I am a big fan of medieval fantasy movies – from classics like Willow and Lord of The Rings, to solid remakes like Robin Hood (2010) with Russell Crowe, and even beyond to the realm of cheesy like Centurion (2010) and King Arthur (2004). So it’s no surprise that I am also a huge fan of HBO’s Game of Thrones. [Editor’s Note:  We LOVE Game of Thrones; books and the series!]  After being reminded that the second season starts up this April, I got to thinking about having a viewing party, and as any good homebrewer knows, you can’t have a party without a themed homebrew to go along! Well, I may have made up that last part, but if like me you are on a regular brewing schedule, you get to thinking these kinds of wacky thoughts.


The next question was, what kind of beer to brew? Something medieval of course; big, dark, strong beers came to mind (as in, 8%-12%) but I don’t really have time to properly age them. Porters and stouts, well those are European and sort of go along with medieval, except they are more 17th-18th century beers, and I’ve already made a bunch of those. So it was off to Google and what turned out to be a fateful search query: “medieval ales”.


Literally the first result that pops up is: “Recreating Medieval English Ales”. Perfect! Let’s see what it says. Well the first thing you notice is that the page is all text. And that it was apparently written in 1998. And that there is a person in the world whose name is Tofi Kerthjalfadsson. Wow! The introduction immediately draws you in, and is very well written. Before you know it, you are scanning the page quicker, scrolling down… and down… and down… and slowly, you start to realize, there is a LOT of information here. 23 pages printed to be exact. This guy has clearly done his homework (and shared it for all to benefit). Awesome.
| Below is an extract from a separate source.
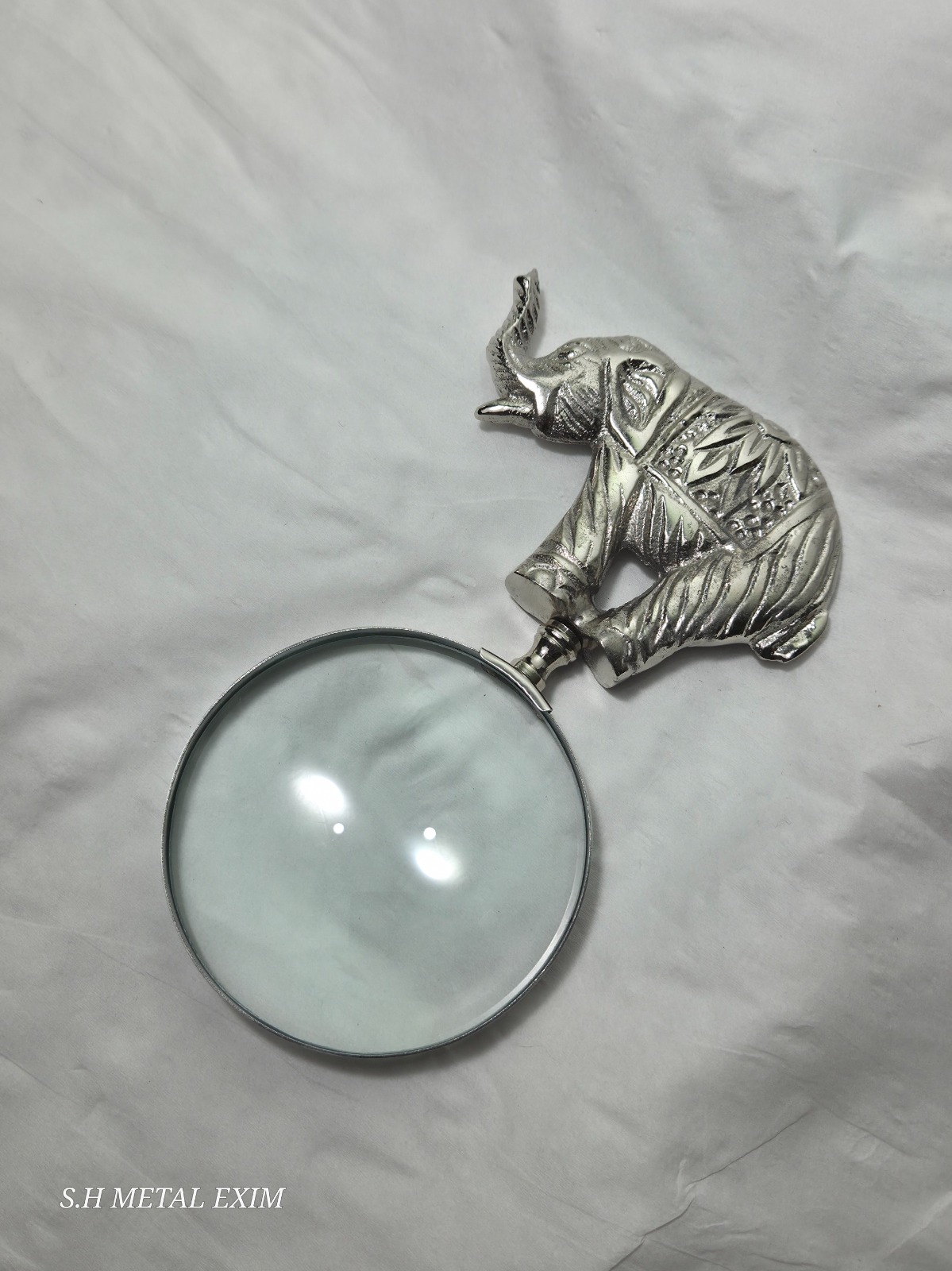 Elephant Design Metal Magnifying Glass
To summarize, the beer of today was not the beer of yesterday. In fact, as you may already know, the term “ale” originally referred to unhopped “beer”. The term “beer” was used to describe ale that was boiled with hops, which was not a common thing (at least in England) back in the 13th century. It was more of a German thing it seems. So “ale” was what we might today call a malt beverage. Grains, water, yeast and you are good to go.


The next interesting thing to point out is that ale was served “fresh” – either still in the process of fermentation, or very recently finished. There are several reasons for this, the most pressing being that there was no refrigeration and limited understanding of preservatives, thus the ale spoiled quite quickly. Of course, as is common in history, you can also find contradictory accounts of ale keeping for 1-2 years, according to Tofi’s research. But anyway, the most common ale that someone would have drank back then would have been very young, most likely less than a week old.


After reading all this, my mind is set – I don’t care how it tastes, I don’t care if my guests like it or not, this is my “Game of Thrones” party ale! J An authentic medieval English ale, something different than anyone’s ever tasted today, something you literally could not taste today without making it yourself. And with a turnaround time of 4-7 days, I can at least do 1 or 2 pilot batches to work out the kinks.


There are many other interesting things to point out, but I’ll just say that the history of beer is fascinating and I will leave the rest of the reading up to you (don’t worry, I skimmed too). Below is the recipe I’ll be trying for my 1st pilot batch. Of course, there will be plenty of substitutions which I’ll get to in a later post, if not two or three. I am really interested in hearing from you if you’ve done this, done something similar, or are interested at all in medieval/history brewing!




Two ales, one strong and one ordinary, of between 1 1/2 and 2 gallons each, can be made thus:




·         8 lbs., Hugh Baird brand English Pale malt

·         1 1/3 lbs., (Baird) Pale malt, roasted.
For darker ale, roast to amber: 30 mins. at 225 F. followed by 30 mins. at 300 F. For lighter, roast an hour at 225 F.

·         around 3 lbs., oats (rolled)

·         14 to 16 qts., water (main batch)
14 will produce 1 1/2 gallons of ale; 16 will produce 2 gallons

·         6 to 8 qts., water (second runnings)

·         1 pkt, Danstar brand Nottingham ale yeast

·         1 pkt, Danstar brand Windsor ale yeast


And one final thought to ponder – I overheard someone wonder out loud the other day “Who was the guy who invented beer??”. As you may or may not be surprised to find out, historically it was *women* who did the majority of the brewing, and were likely the “inventors”. Google it! My guess is that this did not change significantly until the European/American Industrial Revolution when potentially massive profits enticed many a male “geek” to make his fortune applying science to automating the process of brewing. And you thought beer geeks and engi-nerds were a modern thing, didn’t you?